Joe lives a quiet, introspective and focused life that I envy. He and his bride, Lee Udall Bennion moved to Spring City, Utah in 1977, wanting to create an art community in this small Mormon town. I think it probably took a lot of bravery for them to turn their backs on the pressure to get a “real” job and instead do what they love.
Joe’s pieces are domestic, plain, quiet and understated. I believe his work has been the foundation for much of my own aesthetic, especially where pots are concerned. He avoids the hustle bustle of arts festivals and the competition of juried shows, instead spending his time at his foot-powered treadle wheel. He works to bring people to his community and studio. I love this because it gives the collector a full experience of seeing his wheel, the charm of his town and the quiet pleasure that he gets from working with clay.

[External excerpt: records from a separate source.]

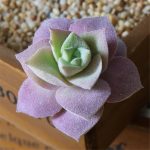Artificial Succulents Plants Flocking Cheap DIY PVC Wedding Garden Decoration Flower Accessories For Home Indoor Decoration Gift - Image 3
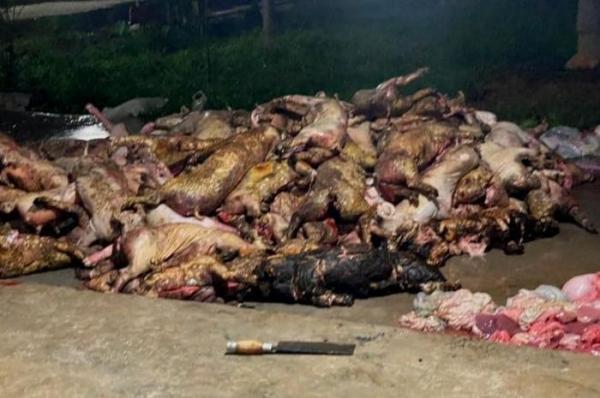 Hơn 1000 con lợn bị chết cháy trong đêm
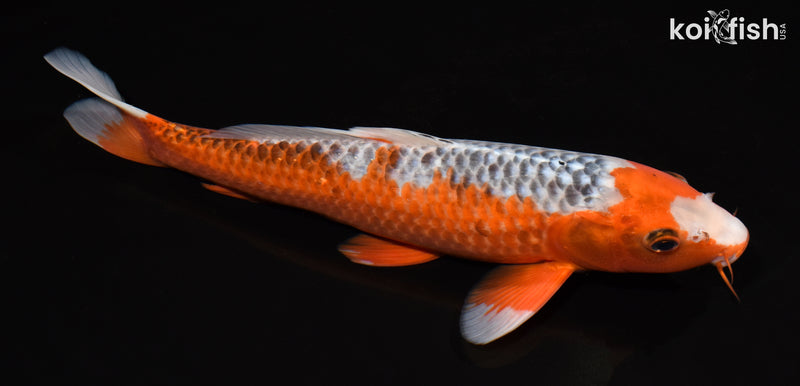 12.75" HI ASAGI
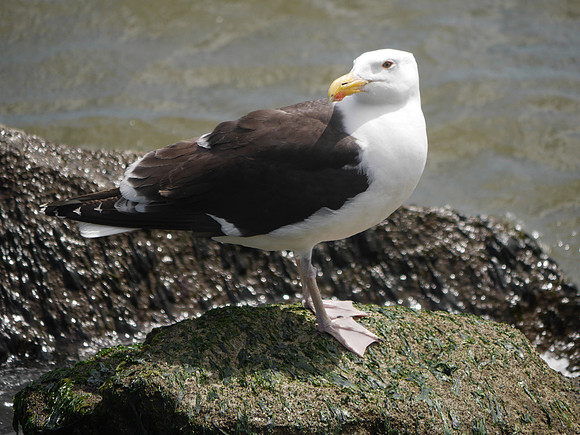 Great Black-Backed Gull Governor's Island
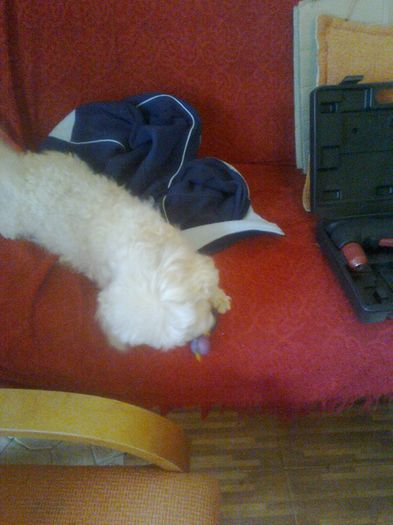 Ne jucam cu rata de cauciuc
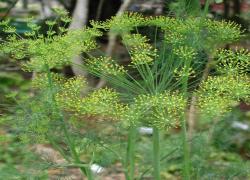 2010 Herb of the Year - Dill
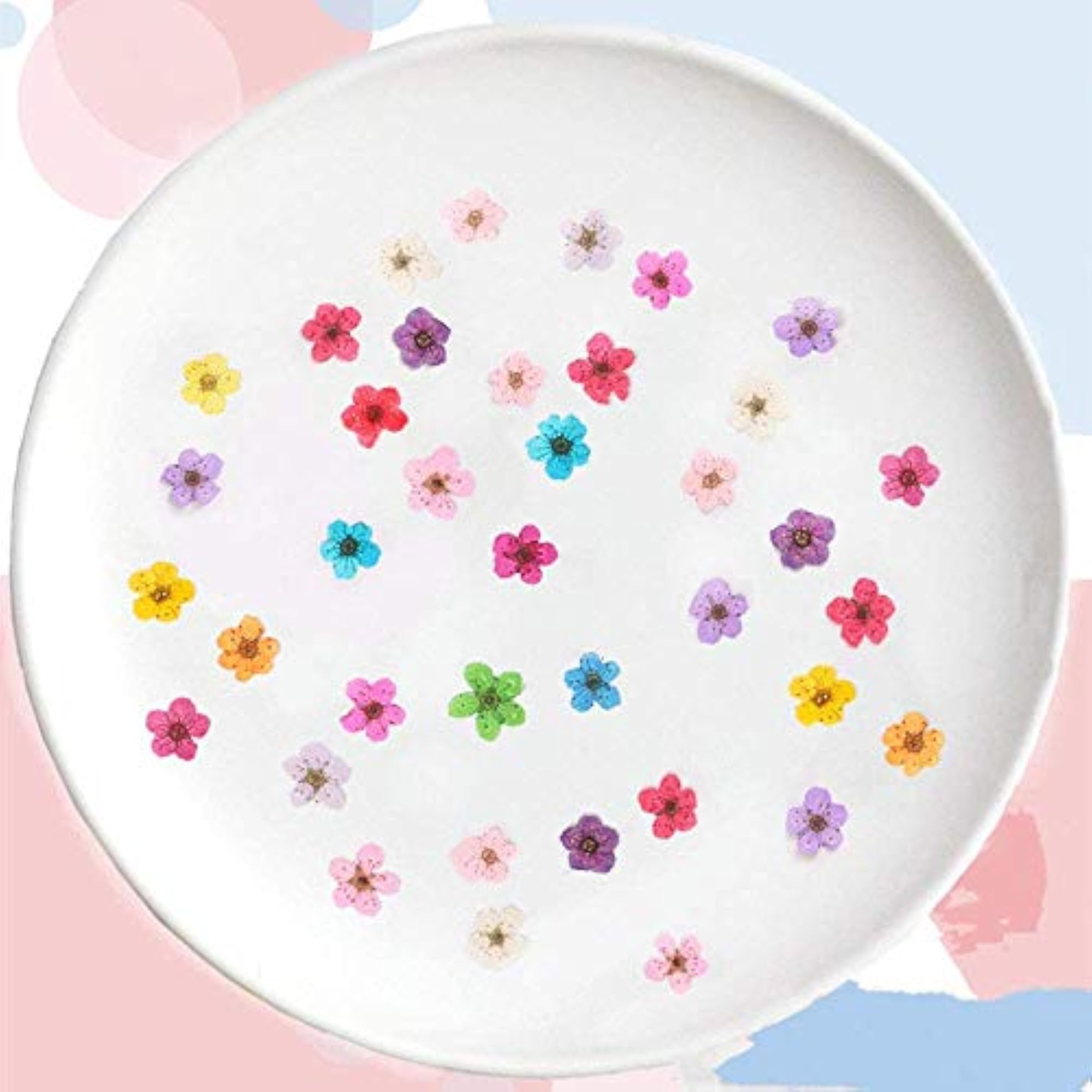 100 Pcs Pressed Flower for Resin Craft Making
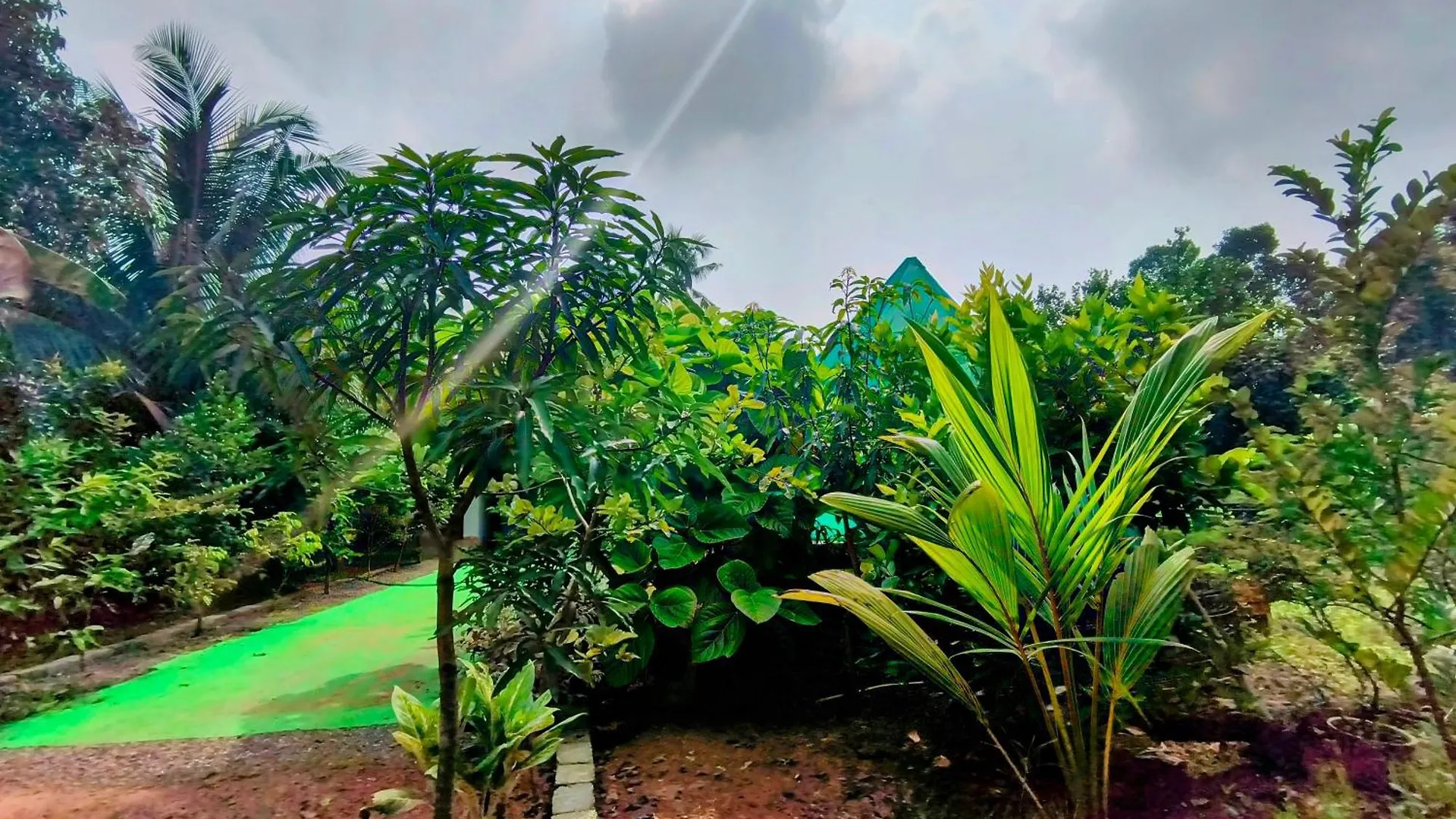 Guava Casa Farm House Alappuzha 0*,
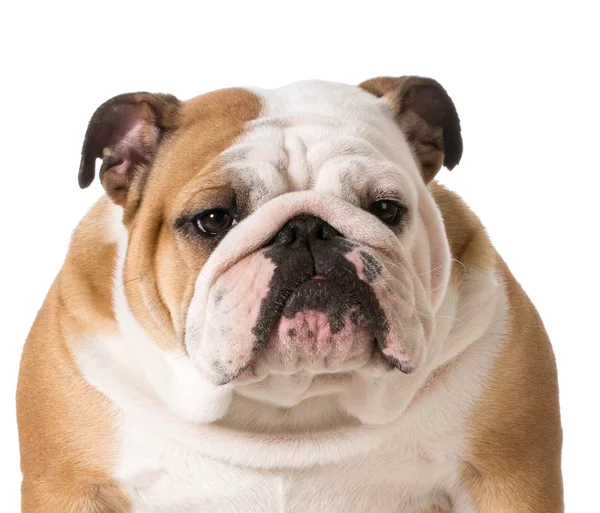 Engelse Bulldog — Stockfoto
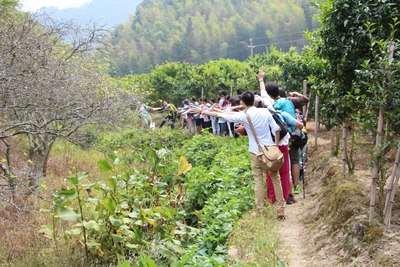 广州从化星溪线溪头村鸡枕山徒步一日游!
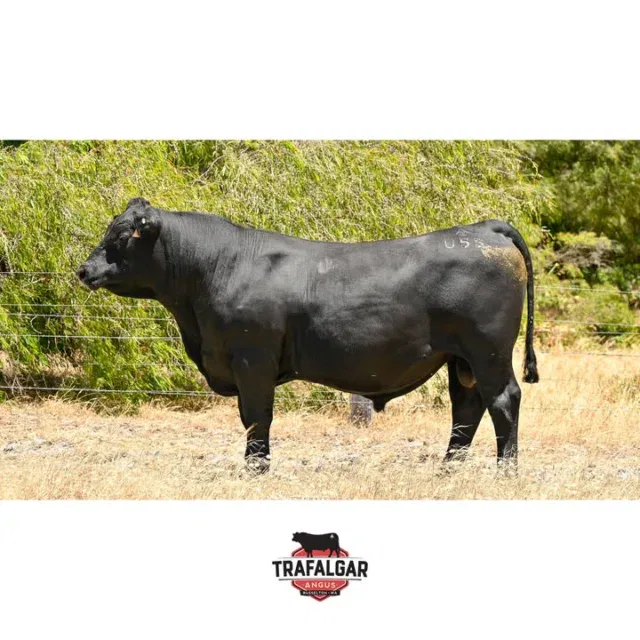🔹 Trafalgar Phoenix U55 (AI) – Lot 56 – WVM23U55 (AI)
Going up for sale February 17th at the WA Elders Invitational Bull & Female Sale.
Another son of Trafalgar Phoenix R44, his great dam Diamond Tree K83 has been a prolific provider of heifers over the years. All her offspring put significant weight into their calves. This bull is about growth, ranking in the top 5% for 200, 400, and 600-day figures, making him ideal over mature cows. Semen motility 80%, scrotal measure 44mm. Fully vaccinated, BVDV negative.
EBV figures for this bull and others up for sale are available on our website: https://www.trafalgarangus.com/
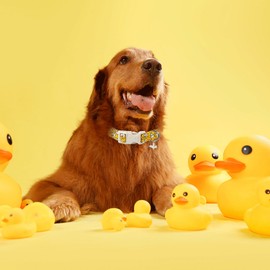 Maca Bates Yellow Duck Dog Collar Puppy Collars Durable Comfortable Adjustable Birthday Gift for XS Small Medium Large XL Girl Boy Female Male Dogs Pet with White Buckle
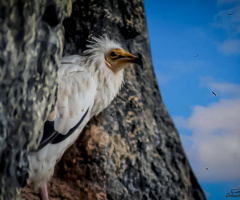 Mısır akbabası - Egyptian vulture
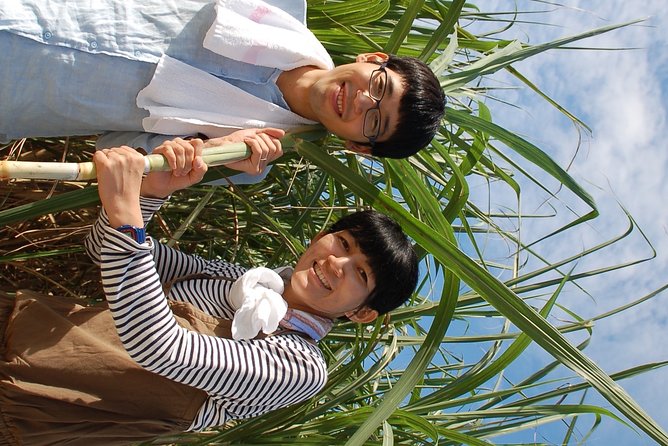 Sugarcane Cutting Experience With Okinawas Grandfather - Expectations and Accessibility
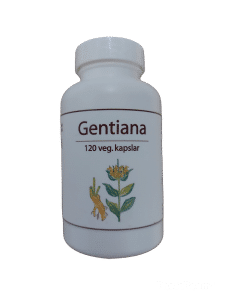 Gentiana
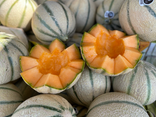 Petit Melon Charentais jaune - Cal.12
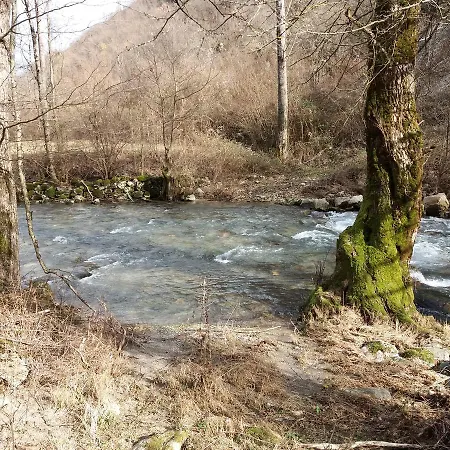 Neretvica *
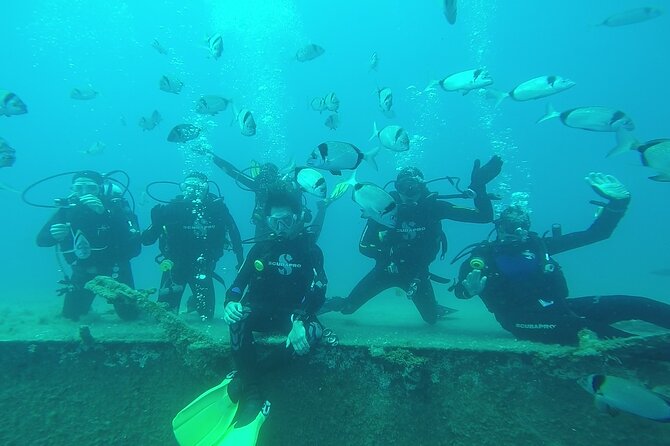 World-Class Zenobia Wreck Dive in Cyprus x 2 dives - The 90-minute break between routes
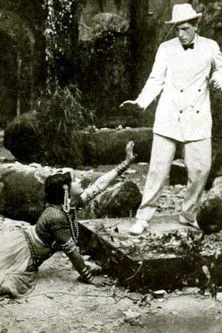 Póster de la película The Reincarnation of Karma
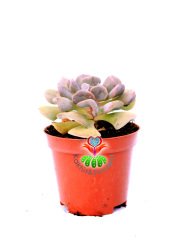 Echeveria Cubic Frost - 8,5 cm Saksıda-Kıvrık Yapraklı
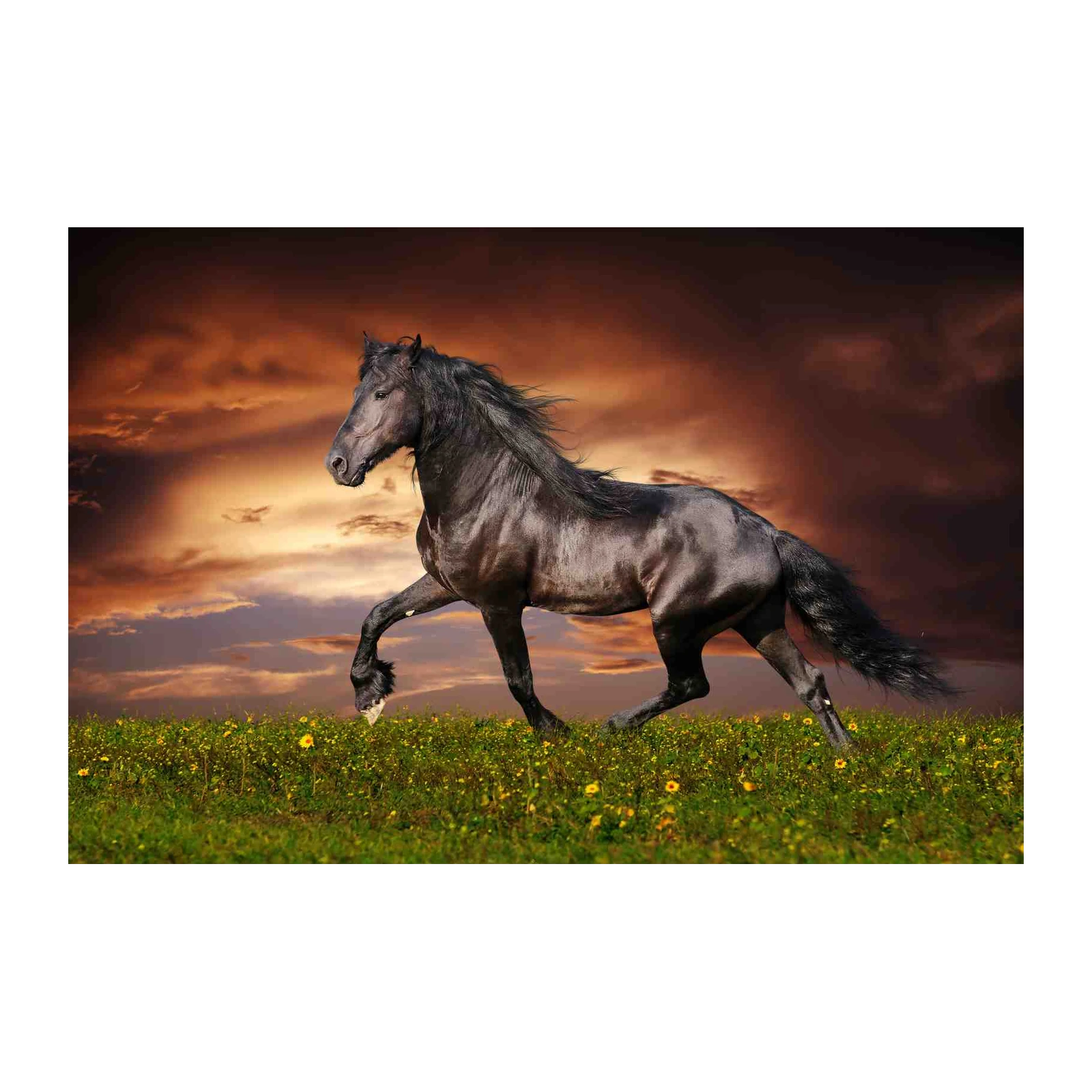Majestic Black Horse Galloping Wall Art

My hope is that as a result of this post, and seeing my collection of Joe’s pots, some of you will make the drive to Spring City and support his work. I think everyone should have the pleasure of lifting a hand- thrown tea bowl to their lips as they sip their morning coffee. Joe keeps his studio door open, and you can go in at any time and buy a pie plate or bowl, leaving your money in his coffee can. Here’s a quote from Todd on the topic of my Joe Bennion pottery:
“There’s something special about Joe Bennion’s cups that a lot of other pottery can’t live up to. I always try to get one of Joe’s tea bowls from the cupboard every morning, because it is such a pleasure to drink from.”
Spring City, if you are not familiar, is a quiet, rural art community, located about 2 hours south of Salt Lake City, in San Pete County. It’s a little northeast of Ephriam and Manti. Fairview lies to the north and Moroni to the west. Nearby, Snow College and Wasatch Academy provides an educational environment for the surrounding community.
Joe had this to say about the way the community where he lives influences his work:
“Living in small place with space and quiet is conducive to the creative process as we see it. The home with it’s garden, the tree-lined streets and pioneer architecture the mountains and the ordinary people who live here all are part of the paintings and pottery we make.”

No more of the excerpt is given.